# What you are asked to do:
Reproduce word for word the lines between those holding "K&F Concept Set" and "Miniatura 9 de", inclusive, and nothing else from the data below.

# Records supplied:

....

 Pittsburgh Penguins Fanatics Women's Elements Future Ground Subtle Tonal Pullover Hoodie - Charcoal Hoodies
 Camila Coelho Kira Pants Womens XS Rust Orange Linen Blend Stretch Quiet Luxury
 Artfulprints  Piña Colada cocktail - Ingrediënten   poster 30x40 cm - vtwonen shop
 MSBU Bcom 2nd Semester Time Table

....

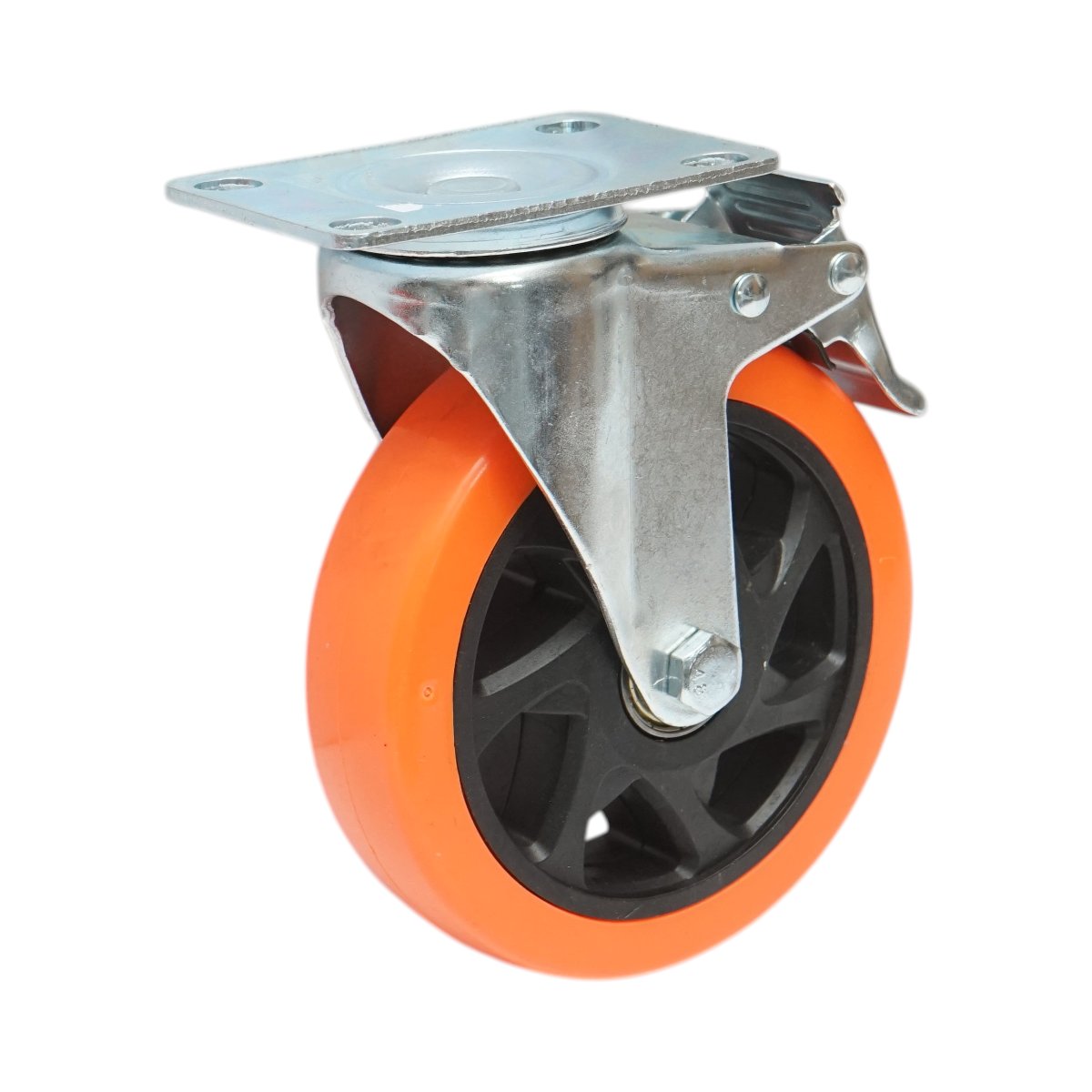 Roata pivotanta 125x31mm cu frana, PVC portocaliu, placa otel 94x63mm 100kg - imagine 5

....

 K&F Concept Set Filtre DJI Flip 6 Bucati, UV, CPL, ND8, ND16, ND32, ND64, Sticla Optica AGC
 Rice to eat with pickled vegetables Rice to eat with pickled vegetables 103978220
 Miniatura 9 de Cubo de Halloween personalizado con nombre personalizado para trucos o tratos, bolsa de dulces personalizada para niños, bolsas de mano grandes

....

# Task result:
 K&F Concept Set Filtre DJI Flip 6 Bucati, UV, CPL, ND8, ND16, ND32, ND64, Sticla Optica AGC
 Rice to eat with pickled vegetables Rice to eat with pickled vegetables 103978220
 Miniatura 9 de Cubo de Halloween personalizado con nombre personalizado para trucos o tratos, bolsa de dulces personalizada para niños, bolsas de mano grandes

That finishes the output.